Variation On Our Lady of Sorrows
"For I know that my redeemer lives ..."
Job 19:25

As a part of the Passion Triptych I had painted (written) an icon of Our Lady of Sorrows that shows the Blessed Mother lifting up one empty hand, the very hand that once held the Christ Child. We see this mother almost every night on tv news, bereft and grieving over the loss of some child or children in one or another recent accident, incident of violence or natural disaster. Then there are flowers brought by people to the scene of death or to the family.
In this image I wanted to symbolically represent both the mother and the flowers.

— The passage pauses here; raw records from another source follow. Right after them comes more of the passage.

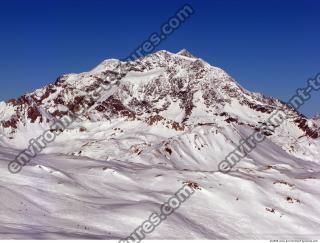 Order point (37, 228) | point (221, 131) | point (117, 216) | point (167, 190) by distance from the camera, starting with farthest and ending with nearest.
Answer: point (221, 131) < point (167, 190) < point (117, 216) < point (37, 228)

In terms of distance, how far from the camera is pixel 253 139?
5600 inches

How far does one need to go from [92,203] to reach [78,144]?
314 feet

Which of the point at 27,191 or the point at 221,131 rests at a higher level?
the point at 221,131

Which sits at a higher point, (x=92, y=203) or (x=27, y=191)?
(x=27, y=191)

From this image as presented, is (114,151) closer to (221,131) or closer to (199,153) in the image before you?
(199,153)

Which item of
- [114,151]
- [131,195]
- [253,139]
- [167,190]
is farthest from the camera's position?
[253,139]

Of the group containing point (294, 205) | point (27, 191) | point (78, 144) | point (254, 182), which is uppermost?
point (78, 144)

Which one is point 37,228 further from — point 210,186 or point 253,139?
point 253,139

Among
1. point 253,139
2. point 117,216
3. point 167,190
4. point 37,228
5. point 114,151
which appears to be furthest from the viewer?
point 253,139

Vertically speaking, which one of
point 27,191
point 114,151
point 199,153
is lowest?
point 27,191

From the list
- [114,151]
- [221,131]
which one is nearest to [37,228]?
[114,151]

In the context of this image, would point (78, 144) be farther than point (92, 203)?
Yes

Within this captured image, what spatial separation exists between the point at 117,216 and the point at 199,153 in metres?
81.8

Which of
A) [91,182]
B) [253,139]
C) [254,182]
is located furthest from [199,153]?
[91,182] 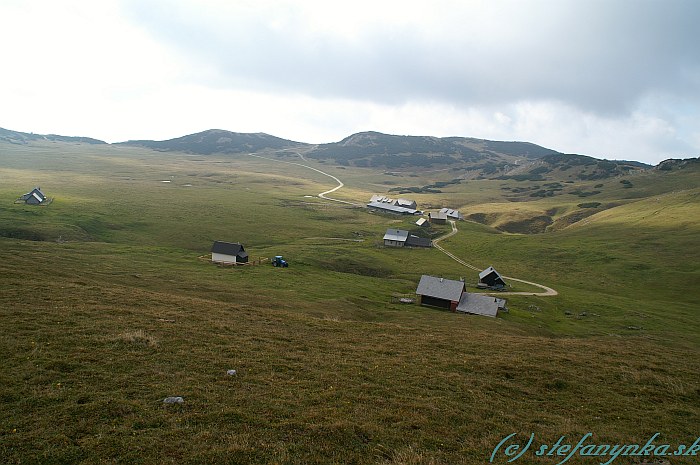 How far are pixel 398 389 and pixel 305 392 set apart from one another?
18.5 ft

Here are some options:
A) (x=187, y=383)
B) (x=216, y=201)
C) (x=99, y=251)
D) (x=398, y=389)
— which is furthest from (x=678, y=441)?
(x=216, y=201)

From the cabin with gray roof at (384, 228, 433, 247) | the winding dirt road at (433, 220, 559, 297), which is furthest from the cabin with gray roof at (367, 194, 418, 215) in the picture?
the cabin with gray roof at (384, 228, 433, 247)

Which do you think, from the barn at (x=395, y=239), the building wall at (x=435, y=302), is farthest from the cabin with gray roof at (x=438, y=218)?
the building wall at (x=435, y=302)

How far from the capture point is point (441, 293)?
66.1 m

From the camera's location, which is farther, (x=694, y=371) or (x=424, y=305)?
(x=424, y=305)

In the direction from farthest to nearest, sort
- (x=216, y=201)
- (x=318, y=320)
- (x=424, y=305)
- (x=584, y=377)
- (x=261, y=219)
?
(x=216, y=201), (x=261, y=219), (x=424, y=305), (x=318, y=320), (x=584, y=377)

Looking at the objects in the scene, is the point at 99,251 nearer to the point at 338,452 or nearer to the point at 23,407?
the point at 23,407

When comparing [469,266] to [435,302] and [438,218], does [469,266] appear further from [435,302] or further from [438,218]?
[438,218]

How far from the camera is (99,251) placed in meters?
76.1

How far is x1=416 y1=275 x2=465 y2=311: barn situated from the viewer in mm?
65438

We usually associate white lilies with Easter. Yet during Lent we are not yet witnessing the Resurrection yet . And so the red lilies speak of the Passion; of the three days before Easter and the passion of terrible grief and loss. God can and will turn our grief into joy, someday - even during our life on earth. And we wait, sometimes for years, in the most stark faith and dark night for Him to return.

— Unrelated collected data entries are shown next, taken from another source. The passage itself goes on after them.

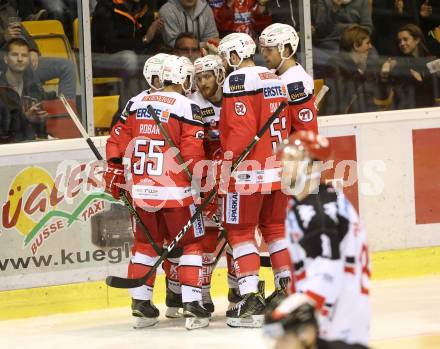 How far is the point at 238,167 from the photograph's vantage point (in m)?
6.43

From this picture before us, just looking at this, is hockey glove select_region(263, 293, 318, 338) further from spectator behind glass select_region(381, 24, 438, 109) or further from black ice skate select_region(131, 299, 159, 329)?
spectator behind glass select_region(381, 24, 438, 109)

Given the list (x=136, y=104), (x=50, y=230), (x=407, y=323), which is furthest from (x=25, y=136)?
(x=407, y=323)

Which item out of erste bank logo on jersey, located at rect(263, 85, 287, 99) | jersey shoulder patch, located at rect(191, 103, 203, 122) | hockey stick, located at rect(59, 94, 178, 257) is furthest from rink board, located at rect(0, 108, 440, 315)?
erste bank logo on jersey, located at rect(263, 85, 287, 99)

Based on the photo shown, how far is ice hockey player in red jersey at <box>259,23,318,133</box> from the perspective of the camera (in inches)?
256

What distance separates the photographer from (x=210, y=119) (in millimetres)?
6645

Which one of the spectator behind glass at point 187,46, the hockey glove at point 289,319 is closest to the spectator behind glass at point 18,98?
the spectator behind glass at point 187,46

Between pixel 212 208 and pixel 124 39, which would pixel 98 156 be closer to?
pixel 212 208

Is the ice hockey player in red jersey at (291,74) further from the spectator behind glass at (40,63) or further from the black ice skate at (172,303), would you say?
the spectator behind glass at (40,63)

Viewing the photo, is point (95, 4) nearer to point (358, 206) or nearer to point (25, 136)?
point (25, 136)

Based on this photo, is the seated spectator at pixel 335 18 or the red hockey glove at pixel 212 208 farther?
the seated spectator at pixel 335 18

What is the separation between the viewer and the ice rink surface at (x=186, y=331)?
612cm

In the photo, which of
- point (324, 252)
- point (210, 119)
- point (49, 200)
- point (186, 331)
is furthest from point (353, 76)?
point (324, 252)

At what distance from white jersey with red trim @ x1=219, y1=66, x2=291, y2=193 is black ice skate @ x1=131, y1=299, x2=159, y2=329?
0.79m

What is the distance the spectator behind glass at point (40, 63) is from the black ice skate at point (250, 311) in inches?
71.2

Having worked in a hospice for so many years I learned, slowly, reverently, that grief has its own time. You cannot set a time for anyone's grief to end. The Book of Job cautions us about being glib or judgmental with easy answers because we cannot bear to be with someone too long in their grief. Gustavo Gutierrez' book on Job has the most comforting "answer" to Job's grief, that in the end It is simply God's presence, appearance to Job that heals his grief; not an explanation.
And so this symbolic picture of Mary inside the Passion of her Son is a reminder that hers and our grief will one day change with the apparition of the Risen Lord, however and in what way, He chooses to come to us.